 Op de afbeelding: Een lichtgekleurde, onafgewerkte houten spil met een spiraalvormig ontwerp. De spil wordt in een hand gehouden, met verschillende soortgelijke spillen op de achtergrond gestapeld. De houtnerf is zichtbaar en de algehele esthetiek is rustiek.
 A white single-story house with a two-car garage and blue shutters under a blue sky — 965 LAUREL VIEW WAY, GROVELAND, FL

-----

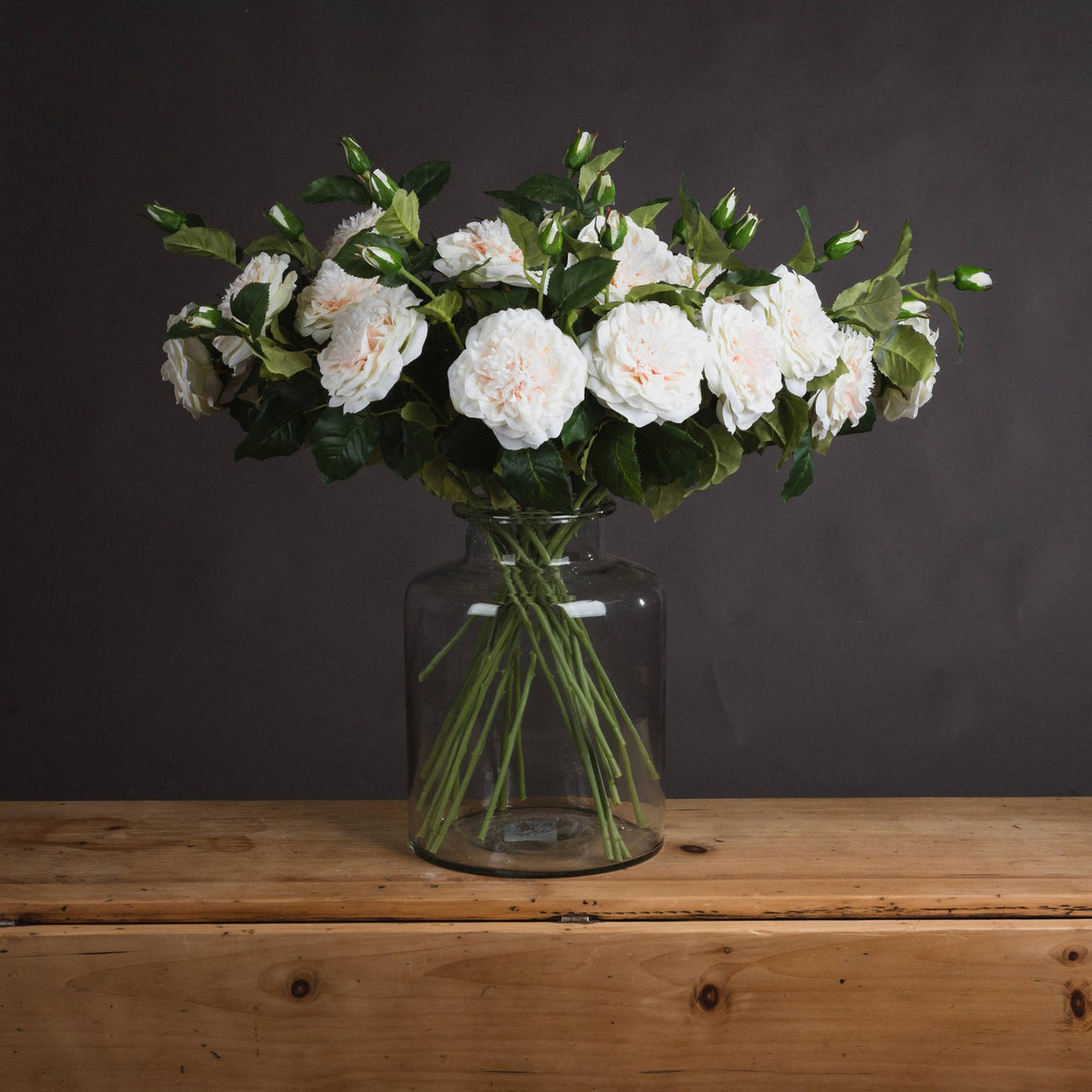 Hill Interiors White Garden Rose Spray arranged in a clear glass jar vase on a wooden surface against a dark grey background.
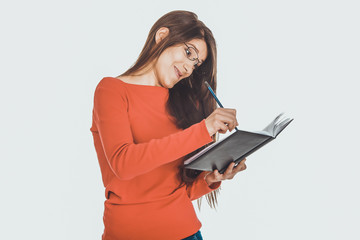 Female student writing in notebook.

-----

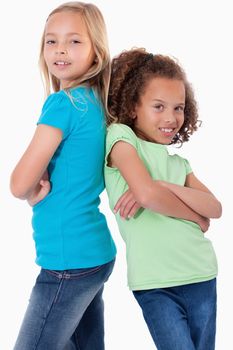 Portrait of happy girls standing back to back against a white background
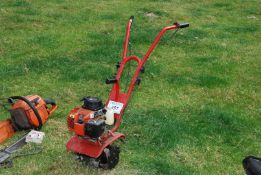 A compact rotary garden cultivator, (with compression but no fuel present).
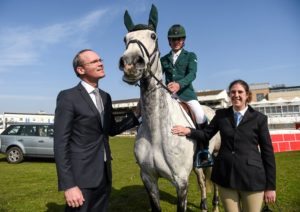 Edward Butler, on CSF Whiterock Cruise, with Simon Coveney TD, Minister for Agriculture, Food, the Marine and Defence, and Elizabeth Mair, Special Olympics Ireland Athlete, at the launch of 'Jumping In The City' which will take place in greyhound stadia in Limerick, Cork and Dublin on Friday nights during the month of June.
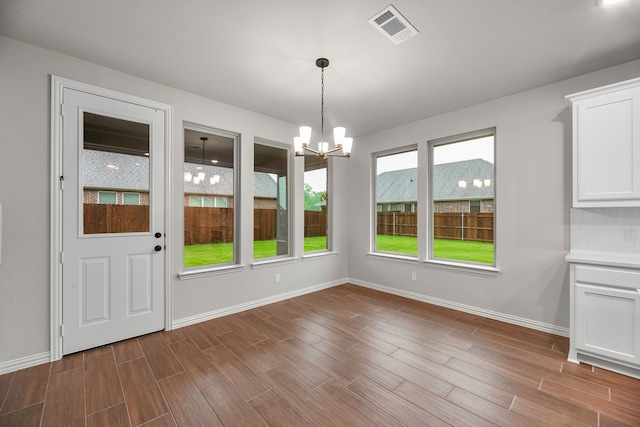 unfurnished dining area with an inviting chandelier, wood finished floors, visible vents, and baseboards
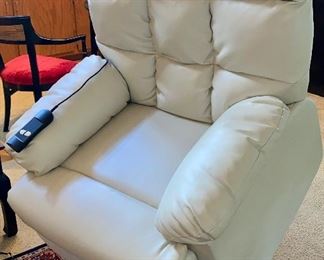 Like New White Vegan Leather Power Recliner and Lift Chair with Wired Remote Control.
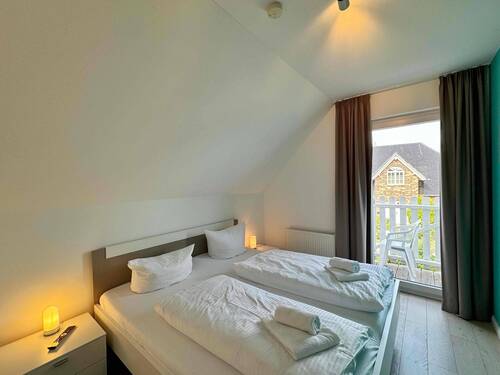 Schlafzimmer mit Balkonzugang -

-----

What the task requires
Using the data above, reproduce exactly the lines from the line that contains "Op de afbeelding: Een" through the line that contains "A white single-story", including both.

Answer to this problem
 Op de afbeelding: Een lichtgekleurde, onafgewerkte houten spil met een spiraalvormig ontwerp. De spil wordt in een hand gehouden, met verschillende soortgelijke spillen op de achtergrond gestapeld. De houtnerf is zichtbaar en de algehele esthetiek is rustiek.
 A white single-story house with a two-car garage and blue shutters under a blue sky — 965 LAUREL VIEW WAY, GROVELAND, FL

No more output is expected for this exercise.